Жизнь осторожно трогают кончиками пальцев, чтобы не обжечься или не заледенеть, иначе кожа слезет чулком, обнажив тело до мяса, как при синдроме Лайелла. Ее оглаживают ладонями, чтобы обойти острые углы и не порезаться – травмпунктов жизнью не предусмотрено. Жизнь подбрасывают вверх или швыряют вниз, проверяя на прочность; для этого нужен опыт, чтобы избежать ушиба сердца и переломов. У жизни есть запах, цвет, звук и вкус; они могут обольстить и обмануть пять органов чувств, заведя в тупик, из которого выхода нет. Повезло тем, у кого развит инстинкт самосохранения, – они доживают до глубокой старости, ни о чем не сожалея и ничего не ведая.
На школьные каникулы, зимние или летние, меня отправляли к родителям мамы. Дед меня любил, бабушка – нет. Она не любила мою мать, потому не любила и меня. Она едва терпела мужа, исполняя супружеский долг, и родила маму в сорок лет. Мама была нежеланным ребенком. Если бы аборты были в то время разрешены, бабушка бы его сделала. Она всегда так говорила. В ее семье не было принято праздновать дни рождения, потому что мужу и дочери не следовало рождаться. В ее семье не отмечали праздники оттого, что жизнь – не праздник, а тяжелая, безрадостная ноша.
Дед был известным инженером, по его проектам в городе маминого детства построено много зданий. Он всегда хорошо зарабатывал, но его доходами распоряжалась бабушка; потому мама занимала у подружки чулки на выпускной вечер, а дед отдавал в прачечную свои вещи и читал лекции студентам в неглаженых рубашках.

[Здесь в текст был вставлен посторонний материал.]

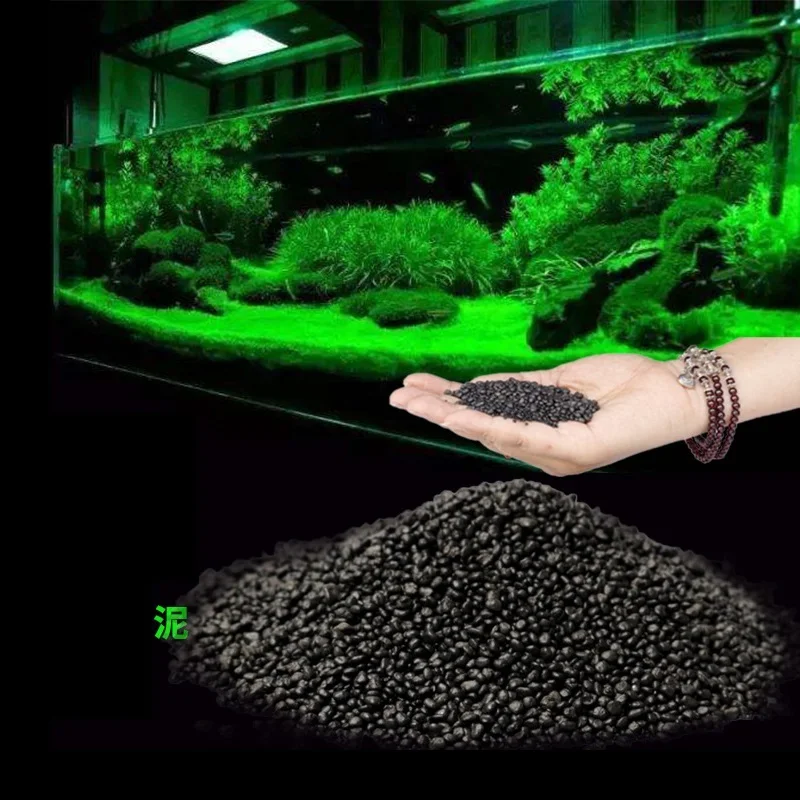 500g Substrato per Acquario, F - Planted Aquarium Fertilizer recensione e prezzo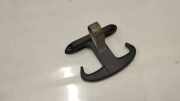 Towbar Hitch Ball SKODA OCTAVIA III (5E3) 1.0 TSI 6y5867615d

Бабка едва терпела людей, раздражаясь их неизбежной необходимостью. Мамин двоюродный брат помнит, как во время войны бабка брала его за руку и уводила из дома. Они бродили по улицам до глубокой ночи, чтобы не подселили эвакуированных. Маме до сих пор стыдно за это.
Мама вышла замуж на первом курсе и уехала с моим отцом в другой город.

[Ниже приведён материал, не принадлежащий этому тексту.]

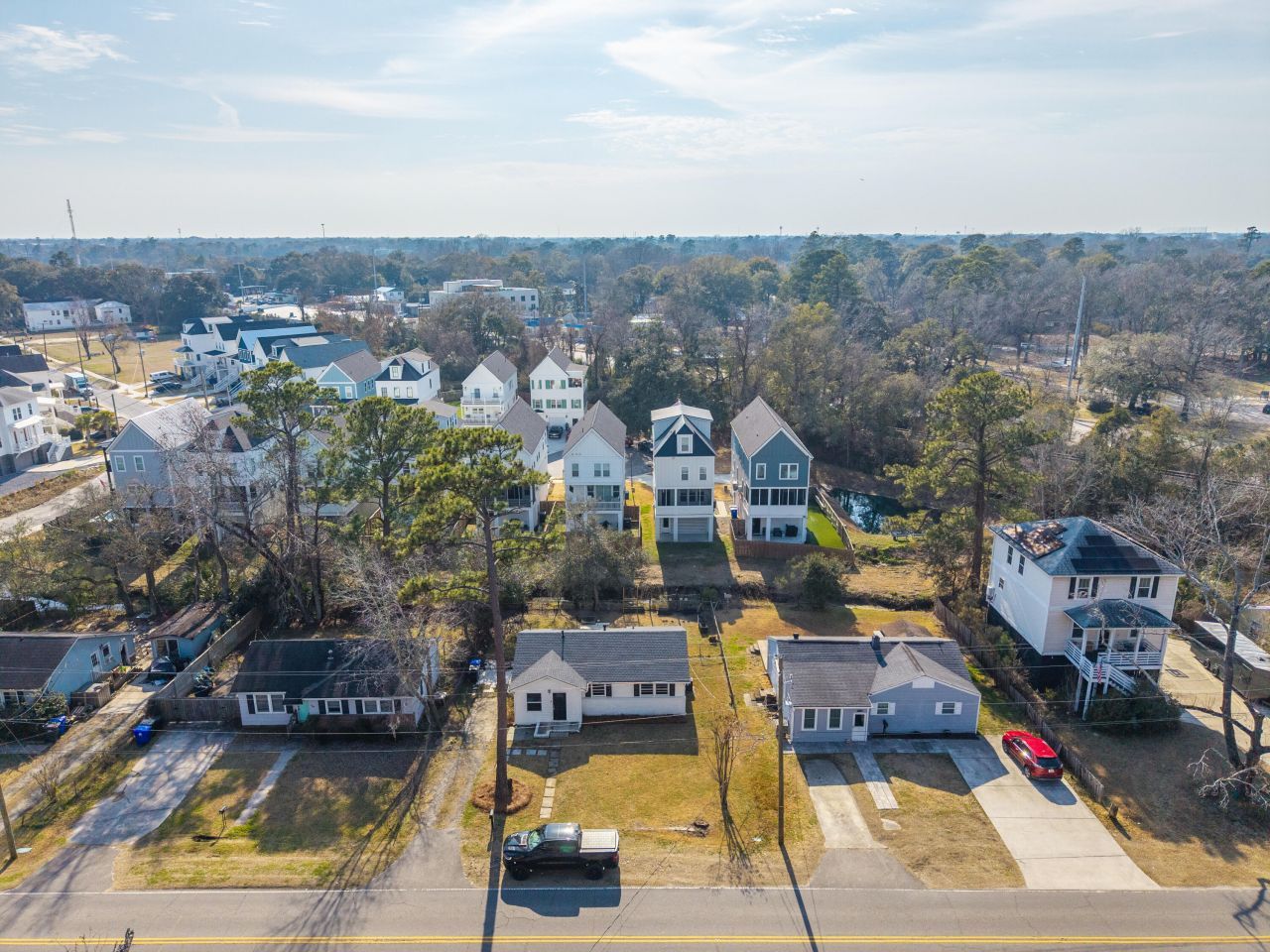 1089 Buist Avenue Photo 22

– С глаз долой, из сердца вон, – сказала бабка. – Детей не рожай. Пожалеешь.
Мама была счастлива – она вырвалась на волю и перед ней открылась другая жизнь. Мои родители – минералоги, специалисты по редким камням. Они объездили самые красивые, самые отдаленные и безлюдные места. В городе родители жили в коммуналке, в полевых условиях – в палатках и фанерных времянках. Мама очень хотела ребенка, но у него должно было быть другое детство, счастливое и праздничное, не омраченное даже бытом, – совсем не такое, как у нее. Потому родители ждали отдельную, благоустроенную квартиру, а мама делала аборты. Потом она долго не могла забеременеть и родила меня в двадцать семь лет, хотя и не так поздно, как бабка. Я единственный ребенок в семье, долгожданный, желанный и любимый.
Когда я приезжала на каникулы, то жила в комнате деда. Он работал ночами, и я привыкла засыпать при свете. Дед научил меня любить книги. У него была огромная библиотека и аллергия на книжную пыль. Он возвращался из университета, и мы уходили гулять по городу, по старым улочкам, тихим скверам, мощенным разбитым булыжником площадям. Мы с дедом смотрели в чужие окна вросших в землю старых домов. Подглядывали за чужим бытием, и нам не было стыдно. Наверное, дед делал это потому, что тосковал по другой жизни. В чужих окнах чужие, незнакомые нам люди всегда были вместе; мне помнятся не лица, а их выражение, всегда спокойное, даже умиротворенное. Потом мы заходили в нашу любимую пышечную. Запах моего детства – это запах мороза, печного дыма и свежеиспеченных пышек. Бабка ревновала нас к нашим прогулкам, а может, она нас боялась – ведь мы с дедом были сообщниками, у нас были общие, неведомые ей секреты. Она всегда запирала свою комнату на ключ и каждую ночь ложилась спать с деревянной доской, в которую были забиты гвозди, их острия торчали наружу. Так было нужно, чтобы дед не мог ее ночью убить; она всегда была наготове, чтобы сражаться за жизнь.